Task prompt - Please give the listing again in full, leaving out its images.

Given material -
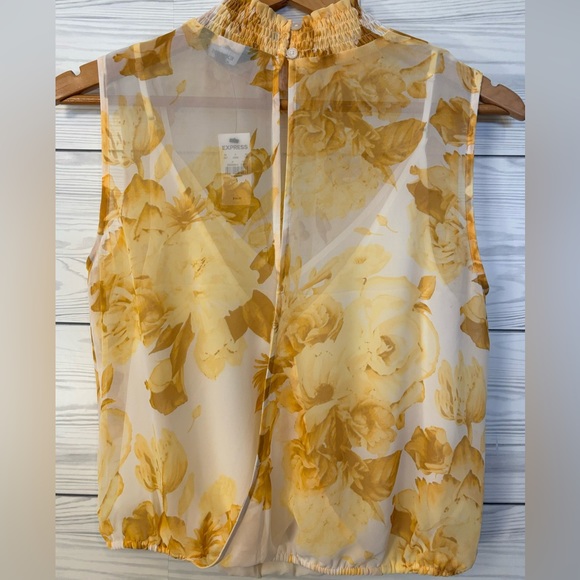 NWT EXPRESS Sheer Floral High Neck Blouse Peekaboo Back Built-in Cami Size Small - Picture 3 of 11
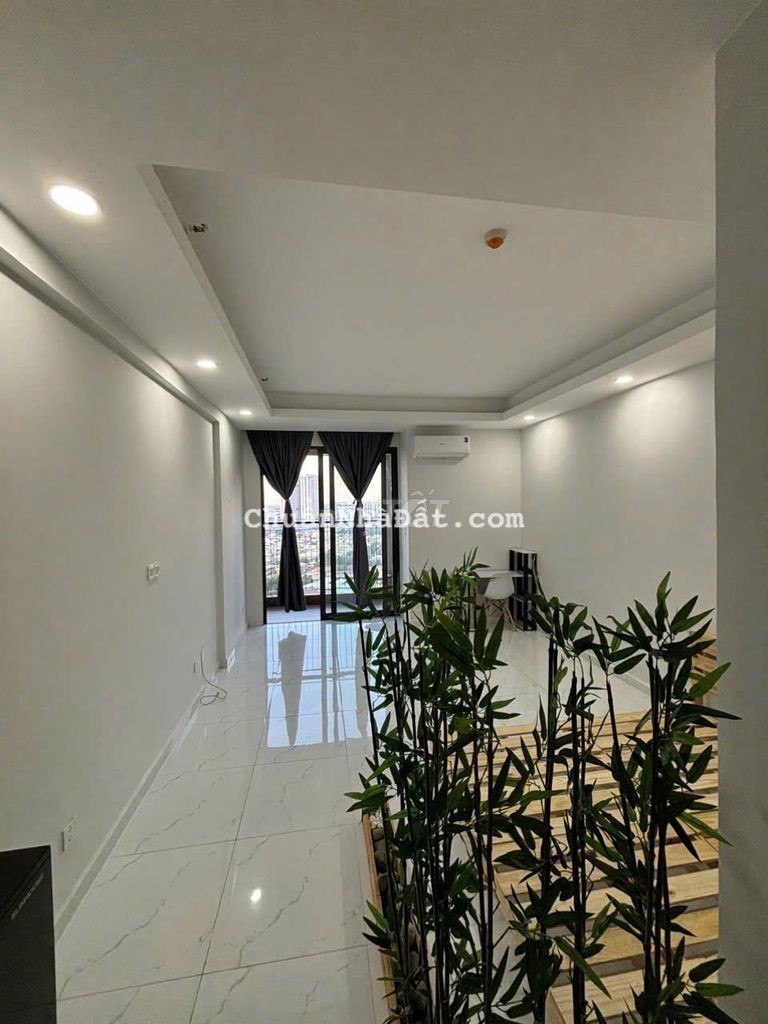 Cho thuê STUDIO tại OPAL SKYLINE có sẵn rèm giá chỉ 4TR Cọc 1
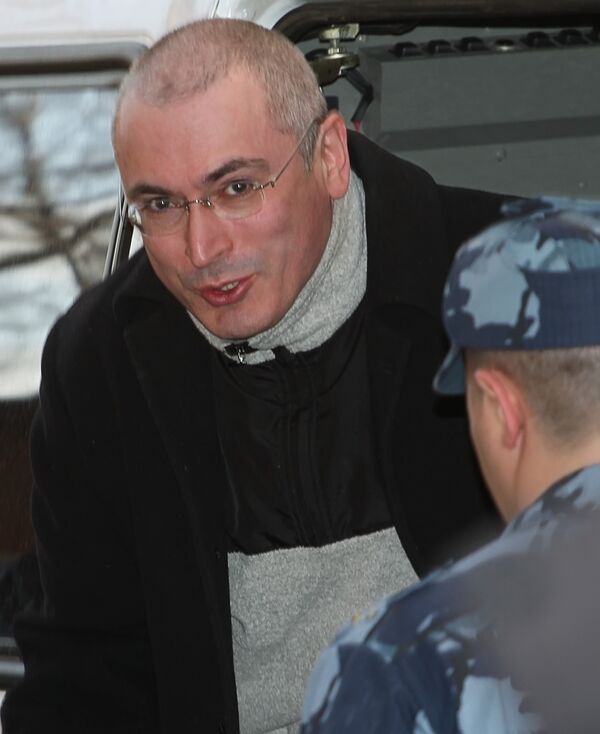 Экс-глава ЮКОСа Михаил Ходорковский у здания Хамовнического суда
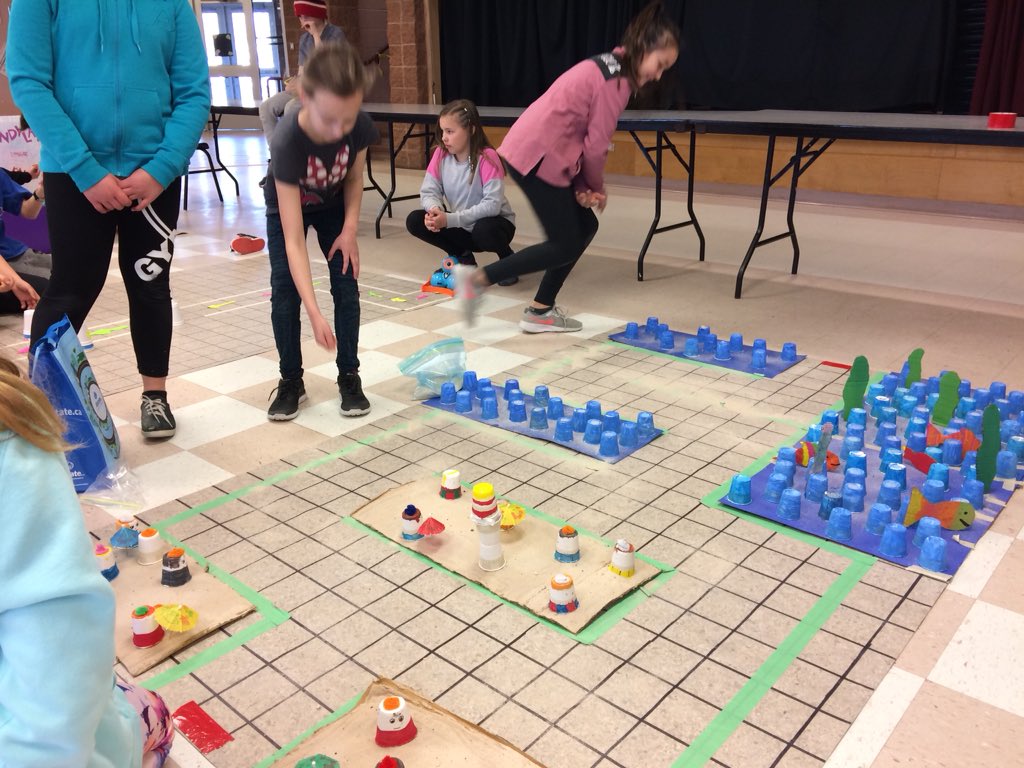 jeffwhipple's tweet image. It’s Dash robot coding day @psslearning ... grade 5s are busy setting up their coding mats for the k-4 students!! @brilliant_labs #dashbot @ASDWLimelight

Exercise result -
 NWT EXPRESS Sheer Floral High Neck Blouse Peekaboo Back Built-in Cami Size Small - Picture 3 of 11
 Cho thuê STUDIO tại OPAL SKYLINE có sẵn rèm giá chỉ 4TR Cọc 1
 Экс-глава ЮКОСа Михаил Ходорковский у здания Хамовнического суда
 jeffwhipple's tweet image. It’s Dash robot coding day @psslearning ... grade 5s are busy setting up their coding mats for the k-4 students!! @brilliant_labs #dashbot @ASDWLimelight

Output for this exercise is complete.